BEGIN

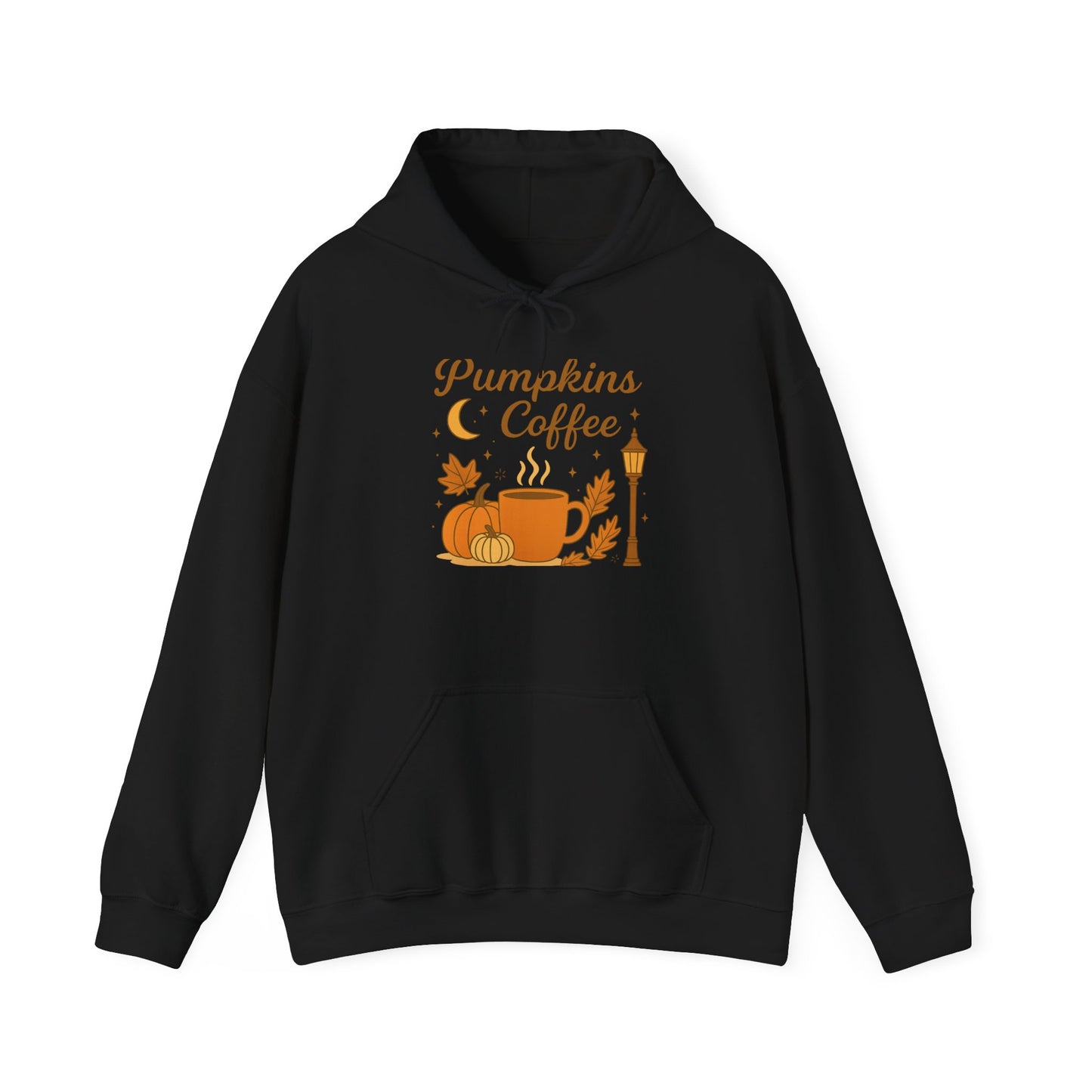 Pumpkins & coffee Heavy Blend™ Hooded Sweatshirt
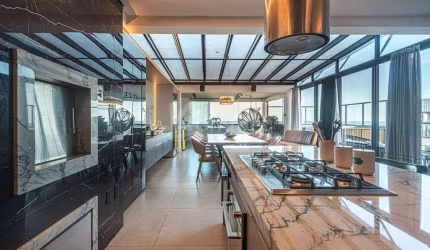 Apartamento de luxo frente mar a venda em Navegantes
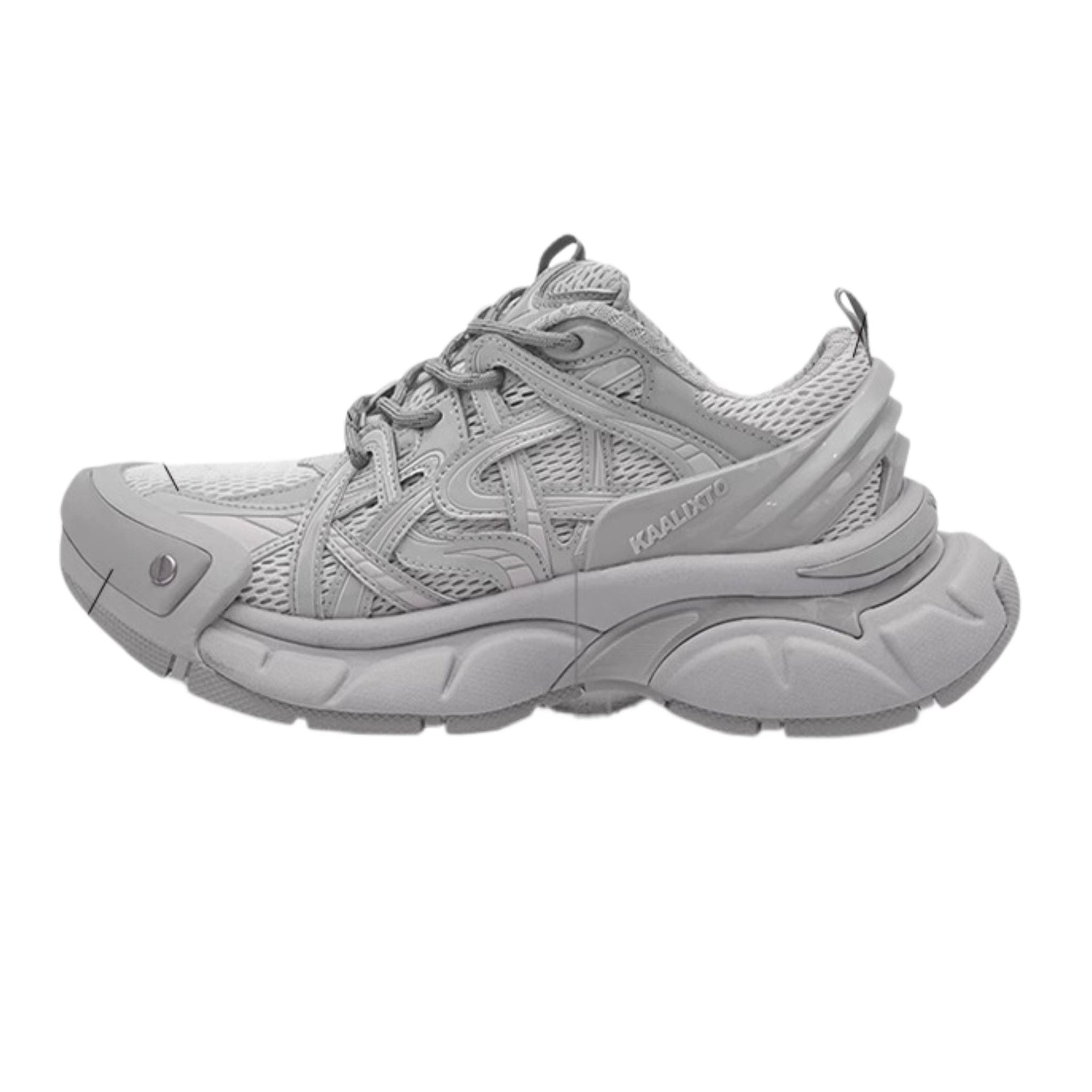 KAALIXTO Clunky Sneakers- Cloudstone Gray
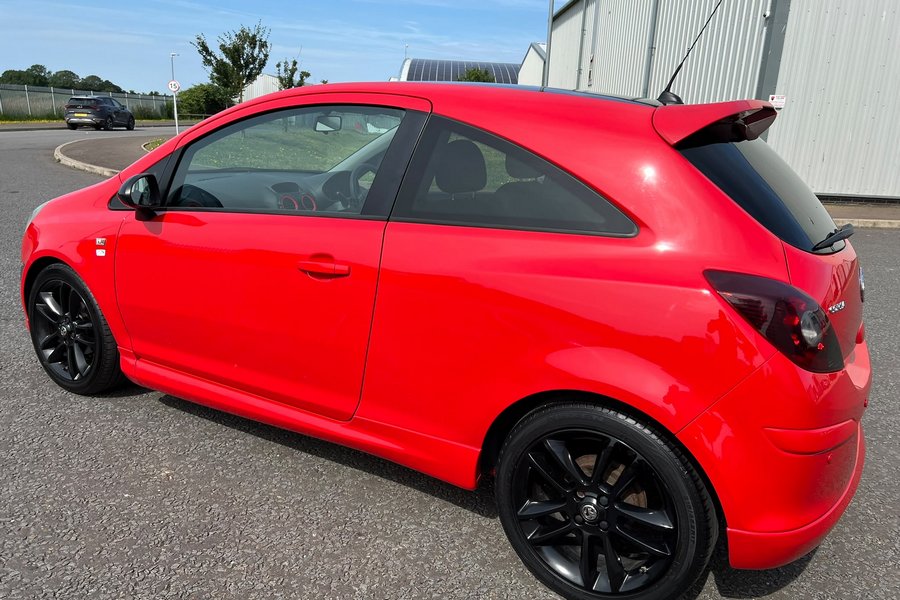 2013 (63)  Vauxhall Corsa Limited 1.2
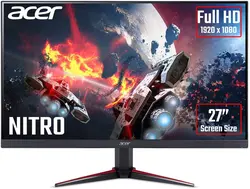 مانیتور ایسر ۲۷ اینچ مدل Acer Nitro VG270bmiix-ارسال 10 الی 15 روز کاری
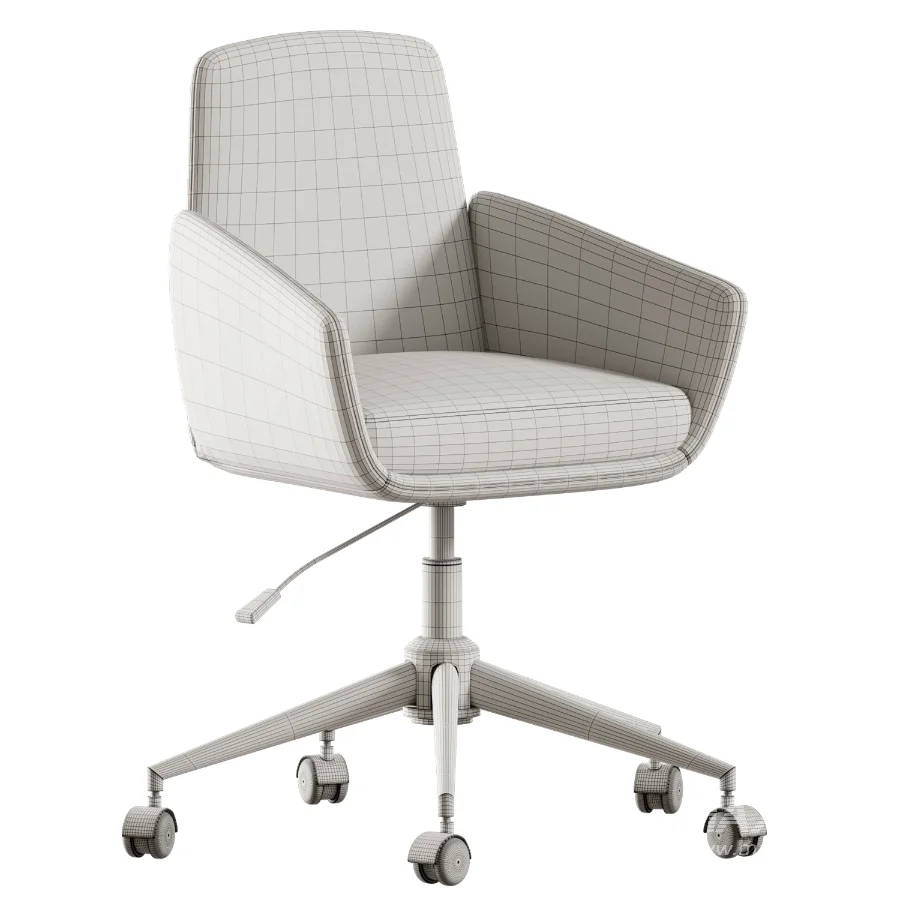 Haworth Poppy Swivel Chair - Image 5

END

→ Exercise prompt
The required answer is an exact copy of the lines from the one containing "مانیتور ایسر ۲۷" through the last line of the material, with the pictures removed.

→ Completed task
 مانیتور ایسر ۲۷ اینچ مدل Acer Nitro VG270bmiix-ارسال 10 الی 15 روز کاری
 Haworth Poppy Swivel Chair - Image 5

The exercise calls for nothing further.